An online travel company experienced significant business growth due to the rapid adoption of its APIs by partner affiliates. The easier and faster it was to adopt their travel product APIs, the more affiliates joined, referred, or sold services through them, which was deemed a significant competitive advantage and revenue driver. As this part of the business rapidly grew in volume and profitability, it also represented an increasing risk to the business, as any API disruption could result in a heavy loss. Outage loss estimates ranged between $3,000 and $60,000 per minute depending upon affiliate, product type, and time of year.
They depended on the APIs of their vendors for real-time product availability and price updates, but lacked end-to-end visibility of performance and availability of these web services by affiliate partner, vendor, and product.

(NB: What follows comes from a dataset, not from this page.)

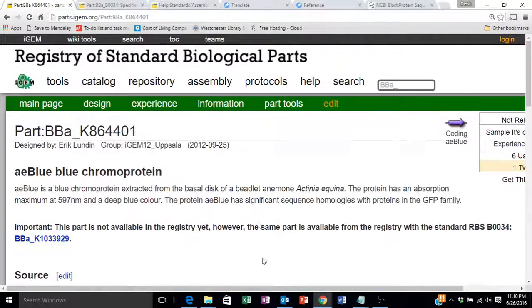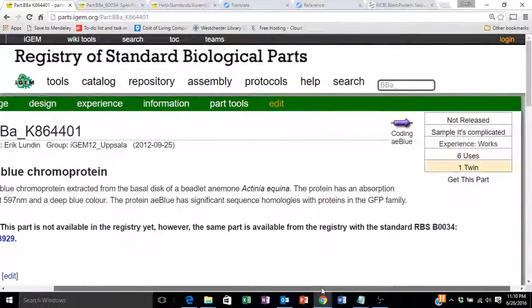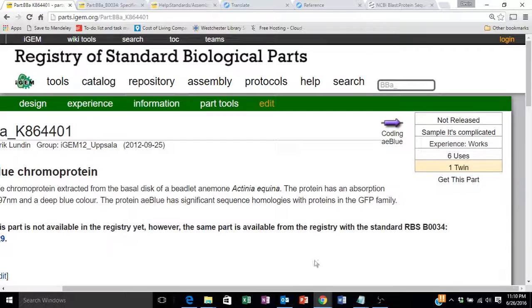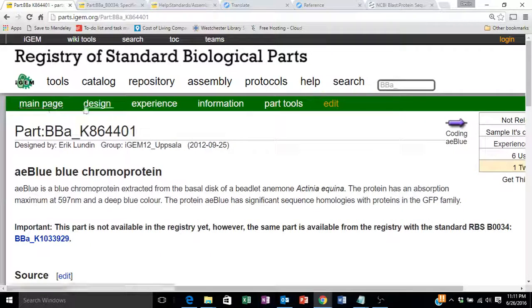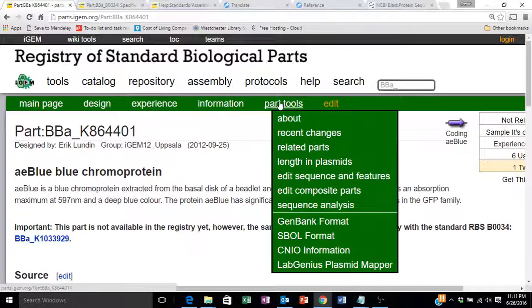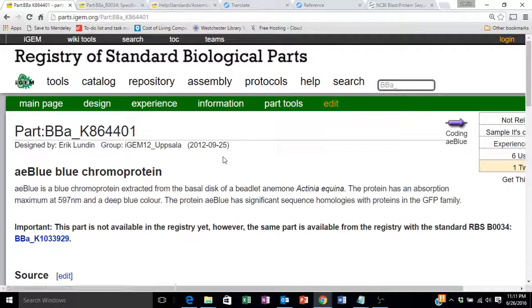Once again, we have information on its uses and other information and pages we can look at for that part.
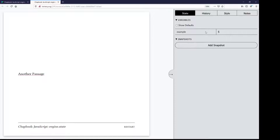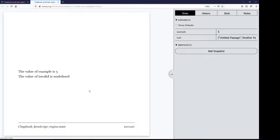So if I test this, you'll see over here in the variable section is 'example' with the value 5. Because as far as Chapbook is aware, it has a story variable — a variable available anywhere in the story — called 'example' with the value 5. This is completely true, because we have told it engine.state.set and set the value of that variable. Notice that it didn't show any of that code — it just ran through that section of JavaScript code and showed us the link to another passage.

They also lacked a fast way to discover and classify all APIs when they were added, updated, or retired.
Attempting to instrument logging for these transactions was costly and slowed application development. And logs could not correlate upstream and downstream network, infrastructure, and application behavior with the APIs. An agent-based monitoring approach proved to be costly, complex, and lacked upstream and downstream visibility and speed.
When the operations team discovered a problem, they didn't always know whether it was their network, their appliance, or a related service.
- The application team had developed thousands of APIs, many tailored for each data consumer depending upon the business relationship.
- Retirement of older APIs caused outages for some affiliate partners. The APIs had diverse connectivity methods: Internet links, direct VPN connections over IPSEC or SSL, and other direct links like MPLS.
- Nearly each API had its own unique SLA and could not be managed in isolation since they were all part of a series of web applications that provided the travel data.
- Ensure API and web services infrastructure meet SLAs.
- Autodiscover, classify, and categorize APIs by service, partner, vendor, and product.
- Provide real-time analysis of every API's response and process time and its success, failure, error type and rate, and transaction volume by partner and vendor.
- Automap and correlate API performance with network, infrastructure, and application performance dependencies.
- Provide proactive early warning through trend-based analysis and alerts.
- Create zero server, infrastructure, or application changes and no overhead on servers.
- Integrate and improve workflows for rapid problem identification and resolution.
- Extract revenue values from each transaction to correlate historical and real-time value of the service with its volume and performance.
If an API went down, their monitoring tools often showed that everything was okay, although it wasn't. Hours and sometimes days passed before the operations team found out that there was a problem.
First, the online travel company needed real-time classification of API traffic. Unique strings in each API allowed the ExtraHop platform to identify and classify the API traffic. Using this identification and classification, the administrators implemented two real-time dashboards:
- A dashboard to track the top 100 APIs, their completion time, network statistics, and operations information, such as amount of traffic, requests, responses, and errors.
- A dashboard using the ExtraHop Open Data Stream (ODS) to send all the information to their Elastic system to track the entire history of their API users.
Next, they collected network metrics about the incoming paths, so administrators could quickly identify or disqualify the network as a source of any given outage. Because customers connecting via SSL VPN or IPSec had different issues from those connecting directly over the Internet, administrators mapped out the appropriate metrics (such as MTU, window sizes, and SSL statistics) for each class of incoming connection. When it came to break/fix resolution, all information was at hand, including dependencies. Finally, using ExtraHop activity maps, administrators could see exactly which downstream dependencies the APIs had, in real time, without having to track the individual connections. They then organized their applications around each application component as well as the APIs supporting those applications.
Through identification, classification, and dependency tracking, administrators finally had a handle on the API environment. With all of this information from the ExtraHop platform, they could uniquely track SLAs of each environment and triage the highly valuable APIs. In the first month alone it was estimated that they saved over $200,000 in proactive early warning of API performance impacts. The amount of time saved in automating web services governance was equal to one full-time headcount, further reducing costs. Most importantly they now had the ability to understand the performance, degree of usage, and whether or not they or their partners were meeting their SLAs dramatically reducing business risk.